**** Information supplied

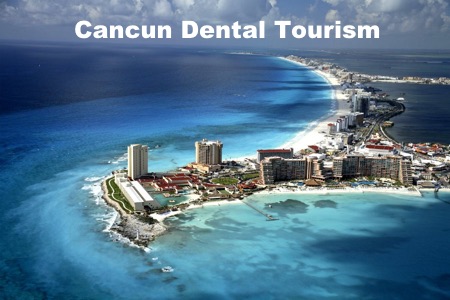 dental tourism cancun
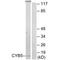 Cytochrome B5 Type A antibody, A04464, Boster Biological Technology, Western Blot image 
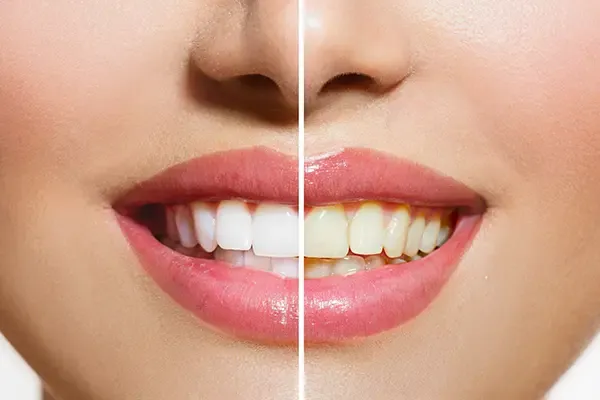 Whitened smile after professional teeth whitening at Dalrock Dental Care in Rowlett, TX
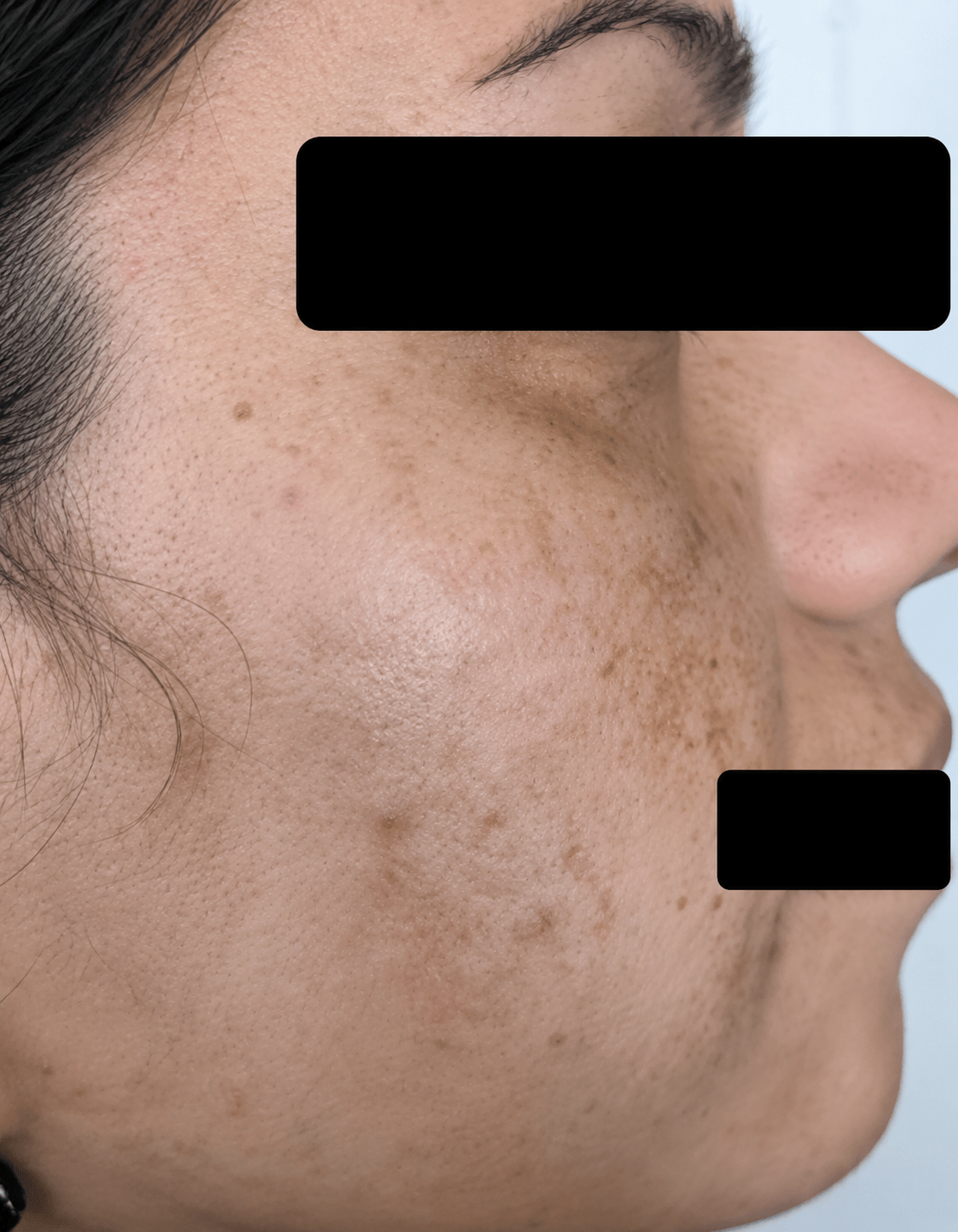 after (30)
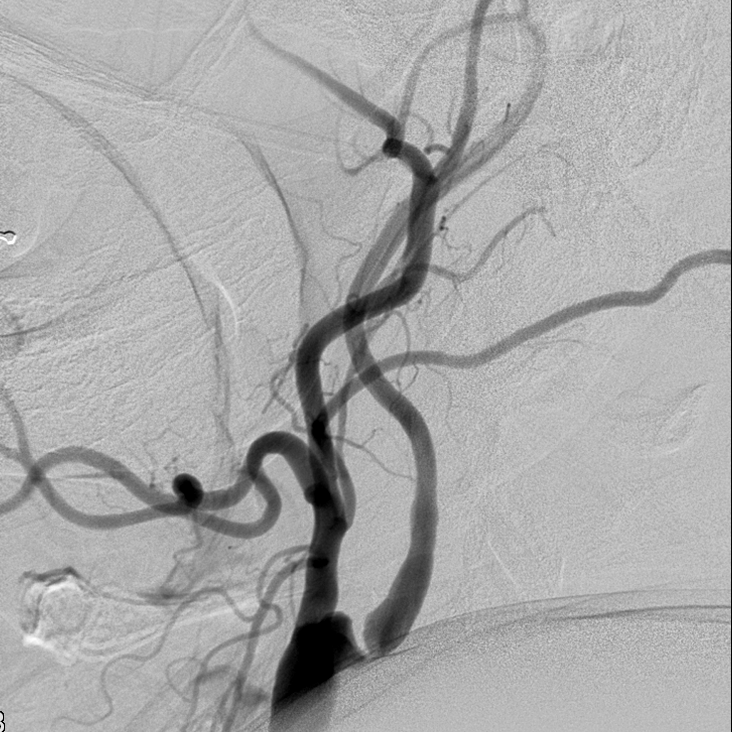 Carotid Artery Stenosis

********

■ Assignment:
What is needed is the data above, retyped exactly, with every picture left out.

■ Result for this task:
 dental tourism cancun
 Cytochrome B5 Type A antibody, A04464, Boster Biological Technology, Western Blot image 
 Whitened smile after professional teeth whitening at Dalrock Dental Care in Rowlett, TX
 after (30)
 Carotid Artery Stenosis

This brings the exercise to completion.